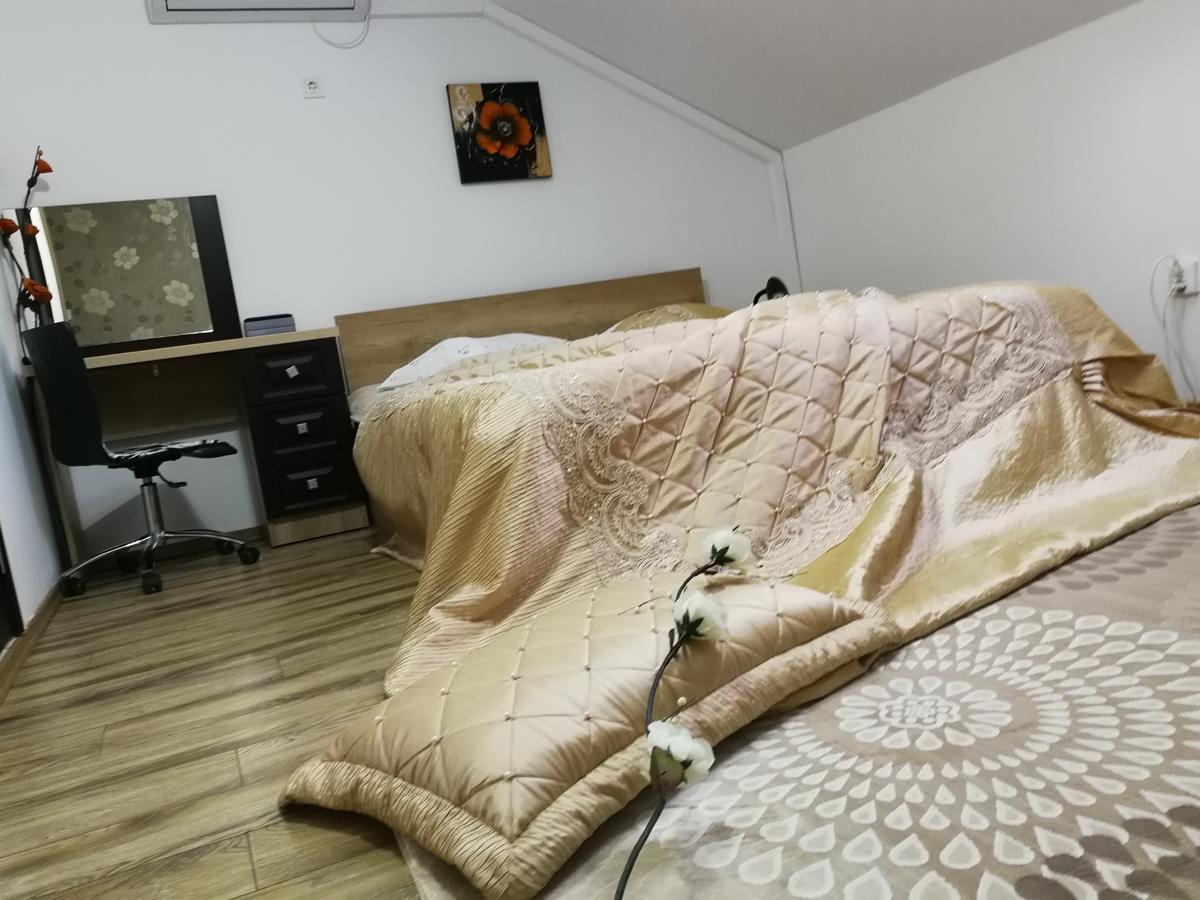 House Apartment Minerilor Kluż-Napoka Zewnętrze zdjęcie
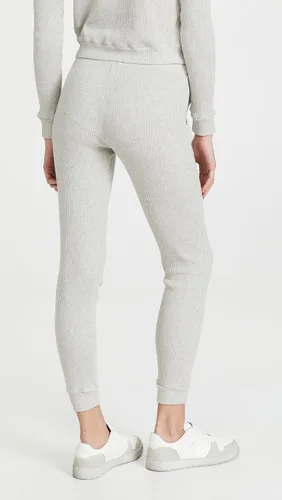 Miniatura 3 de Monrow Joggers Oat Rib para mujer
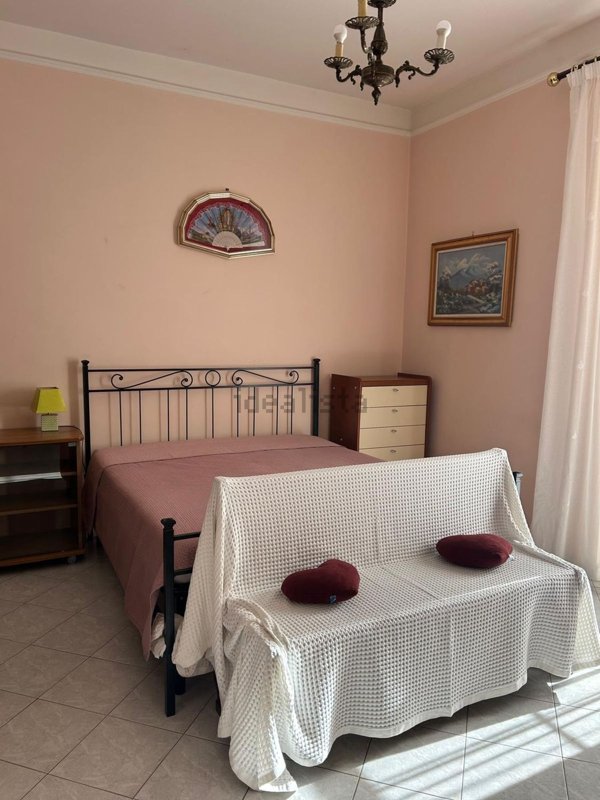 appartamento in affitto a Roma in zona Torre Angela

= = = = =

> _What is expected_:
Where the data contains an image, skip the image and copy everything else exactly as it appears.

> _Result of this task_:
 House Apartment Minerilor Kluż-Napoka Zewnętrze zdjęcie
 Miniatura 3 de Monrow Joggers Oat Rib para mujer
 appartamento in affitto a Roma in zona Torre Angela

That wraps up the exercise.